Additionally, the eastern coast of India receives cyclones that form not just in the BoB but also those travelling from the Pacific Ocean, where the frequency of ‘typhoons’, is quite high. 

Most of these cyclones weaken considerably after encountering a big landmass. Therefore, these do not travel to the Arabian Sea side. The western coast of India thus witnesses only those cyclones that originate locally or the ones, like that travel from the Indian Ocean near Sri Lanka.   

Tropical cyclones of BoB and Arabian sea in 2019:

The North Indian Ocean has seen five tropical cyclones in 2019. 

Category 4 Fani: Extremely Severe Cyclonic Storm Fani was the strongest tropical cyclone to strike Odisha since the 1999 Odisha cyclone. It originated from a tropical depression that formed west of Sumatra in the Indian Ocean on 26 April. Areas affected include Sri Lanka, Odisha, Andhra Pradesh, East India, Bangladesh, Bhutan.

Category 2 Vayu: Very Severe Cyclonic Storm Vayu formed in the Arabian Sea.

Areas affected include Maldives, India, Pakistan, Oman.

Category 1 Hikka: A depression formed in the Arabian Sea and soon intensified into a cyclonic storm. Areas affected include Oman, India.

Category 4 Kyarr: Super Cyclonic Storm Kyarr is the first Super Cyclonic Storm over the North Indian Ocean since Gonu in 2007. It was also the strongest tropical cyclone in the Arabian Sea ever recorded and the second-most intense tropical cyclone in North Indian Ocean history only behind the 1999 Odisha cyclone. Kyarr developed from a low-pressure system near the Equator. Areas affected include West India, Oman, UAE.

Category 4 Maha: It is the fourth cyclone in Arabian Sea. It formed off the southwest coast of India. 

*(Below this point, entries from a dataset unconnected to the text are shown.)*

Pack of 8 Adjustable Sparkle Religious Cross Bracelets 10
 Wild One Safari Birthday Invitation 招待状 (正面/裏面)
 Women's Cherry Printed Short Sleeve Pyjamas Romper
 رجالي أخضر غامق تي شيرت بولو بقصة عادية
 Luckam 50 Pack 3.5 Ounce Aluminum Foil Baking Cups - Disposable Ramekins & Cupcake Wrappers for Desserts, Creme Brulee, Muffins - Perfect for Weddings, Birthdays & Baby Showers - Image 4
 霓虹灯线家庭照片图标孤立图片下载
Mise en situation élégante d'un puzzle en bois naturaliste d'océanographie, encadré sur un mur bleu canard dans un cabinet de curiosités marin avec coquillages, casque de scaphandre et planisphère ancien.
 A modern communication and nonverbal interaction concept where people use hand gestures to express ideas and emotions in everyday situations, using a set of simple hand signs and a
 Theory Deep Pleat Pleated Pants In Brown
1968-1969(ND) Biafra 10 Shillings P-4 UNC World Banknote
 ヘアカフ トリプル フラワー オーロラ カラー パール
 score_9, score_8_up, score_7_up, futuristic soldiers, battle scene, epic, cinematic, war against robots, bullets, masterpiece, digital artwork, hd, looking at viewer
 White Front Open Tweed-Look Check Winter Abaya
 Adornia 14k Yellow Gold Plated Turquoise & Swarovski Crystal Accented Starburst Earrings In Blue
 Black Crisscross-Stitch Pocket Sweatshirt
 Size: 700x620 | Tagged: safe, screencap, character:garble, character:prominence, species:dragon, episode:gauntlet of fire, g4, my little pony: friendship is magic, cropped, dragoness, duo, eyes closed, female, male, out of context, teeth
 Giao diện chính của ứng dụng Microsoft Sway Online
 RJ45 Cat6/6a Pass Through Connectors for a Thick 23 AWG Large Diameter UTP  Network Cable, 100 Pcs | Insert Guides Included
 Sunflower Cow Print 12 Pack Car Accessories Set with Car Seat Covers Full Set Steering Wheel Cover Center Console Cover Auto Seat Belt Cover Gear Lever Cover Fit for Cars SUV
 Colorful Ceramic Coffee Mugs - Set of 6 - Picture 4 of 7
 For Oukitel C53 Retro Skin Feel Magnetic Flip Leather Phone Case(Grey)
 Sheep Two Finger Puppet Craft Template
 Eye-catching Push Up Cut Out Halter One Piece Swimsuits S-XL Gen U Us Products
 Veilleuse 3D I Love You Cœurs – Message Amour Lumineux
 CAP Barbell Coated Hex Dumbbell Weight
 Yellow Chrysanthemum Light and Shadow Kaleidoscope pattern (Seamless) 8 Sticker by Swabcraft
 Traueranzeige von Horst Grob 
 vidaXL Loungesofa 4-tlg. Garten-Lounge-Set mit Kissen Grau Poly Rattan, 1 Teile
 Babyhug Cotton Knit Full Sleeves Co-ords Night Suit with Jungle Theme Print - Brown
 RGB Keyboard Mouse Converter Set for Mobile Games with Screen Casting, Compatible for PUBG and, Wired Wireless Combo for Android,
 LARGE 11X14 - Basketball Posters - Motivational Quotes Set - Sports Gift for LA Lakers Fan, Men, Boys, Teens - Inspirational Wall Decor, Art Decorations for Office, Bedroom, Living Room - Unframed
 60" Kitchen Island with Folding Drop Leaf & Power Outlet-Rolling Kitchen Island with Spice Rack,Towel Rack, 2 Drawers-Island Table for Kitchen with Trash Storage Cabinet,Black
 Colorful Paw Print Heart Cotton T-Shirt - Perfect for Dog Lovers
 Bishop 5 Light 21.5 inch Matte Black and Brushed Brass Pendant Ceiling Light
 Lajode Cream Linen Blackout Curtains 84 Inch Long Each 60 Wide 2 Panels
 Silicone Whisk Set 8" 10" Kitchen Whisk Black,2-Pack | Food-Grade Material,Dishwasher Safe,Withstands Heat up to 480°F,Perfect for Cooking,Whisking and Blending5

Kyarr and Maha tropical cyclones – Rare two low pressures in Arabian sea:

  • Two tropical cyclones were active in the Arabian Sea – Kyarr and Maha. 
  • India Meteorological Department (IMD) confirmed that this was the first recorded case since 1965 of two cyclones occurring simultaneously in the Arabian Sea.
  • Only one or two tropical cyclones form each year in the Arabian Sea, on average since 1891, according to IMD records.
  • This phenomenon occurred due to a strongly positive Indian Ocean dipole and the Madden-Julian oscillation.
  • Cyclone Maha formed off the coast of western India is expected to gain strength over the central Arabian Sea over the next few days while Cyclone Kyarr is weakening.